TASK PROMPT
Please, without any pictures, set down exactly the part of the listing below that opens with the line containing "Pagrindinis cilindras, stabdžiai" and closes with the line containing "Royalty-Free (RF) Love".

-------- DATA SECTION --------

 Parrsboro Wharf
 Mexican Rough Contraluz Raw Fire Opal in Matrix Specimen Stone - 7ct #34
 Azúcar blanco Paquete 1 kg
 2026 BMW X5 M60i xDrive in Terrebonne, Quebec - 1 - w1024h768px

--------
-------- DATA SECTION --------

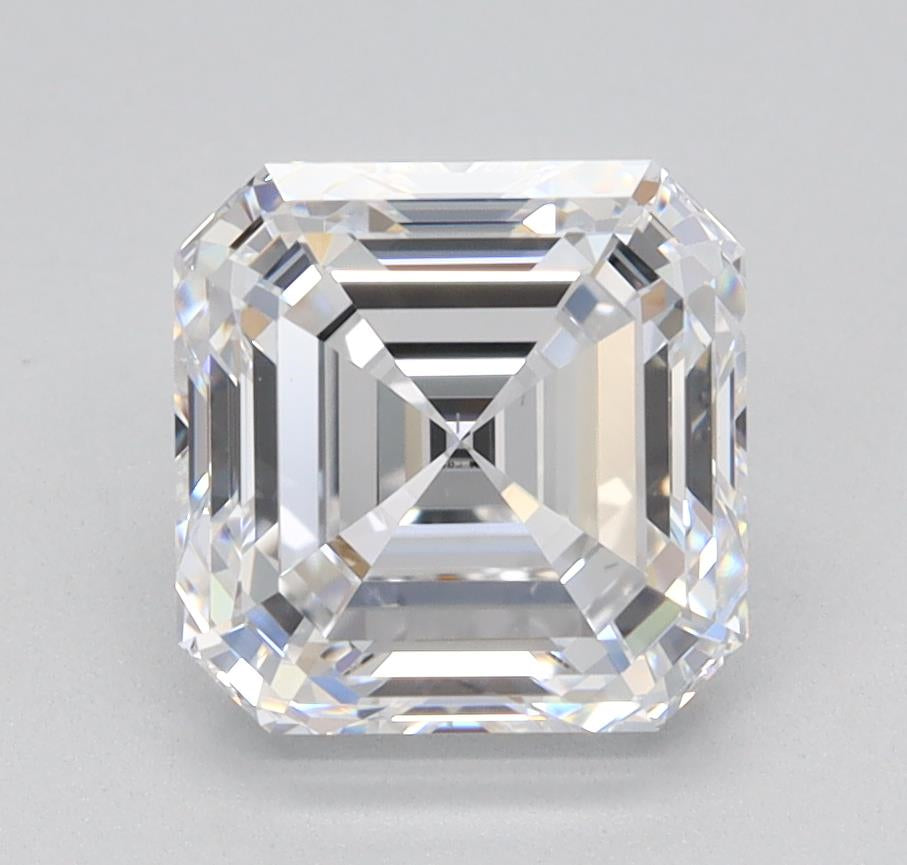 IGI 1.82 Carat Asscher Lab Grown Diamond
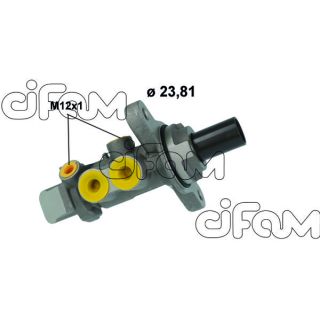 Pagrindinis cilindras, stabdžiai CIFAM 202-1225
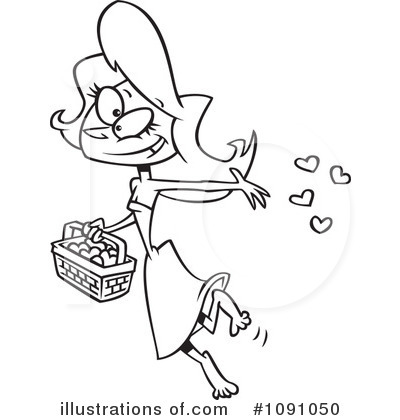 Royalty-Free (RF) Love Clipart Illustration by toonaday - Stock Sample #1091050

--------

RESULT BELOW
 Pagrindinis cilindras, stabdžiai CIFAM 202-1225
 Royalty-Free (RF) Love Clipart Illustration by toonaday - Stock Sample #1091050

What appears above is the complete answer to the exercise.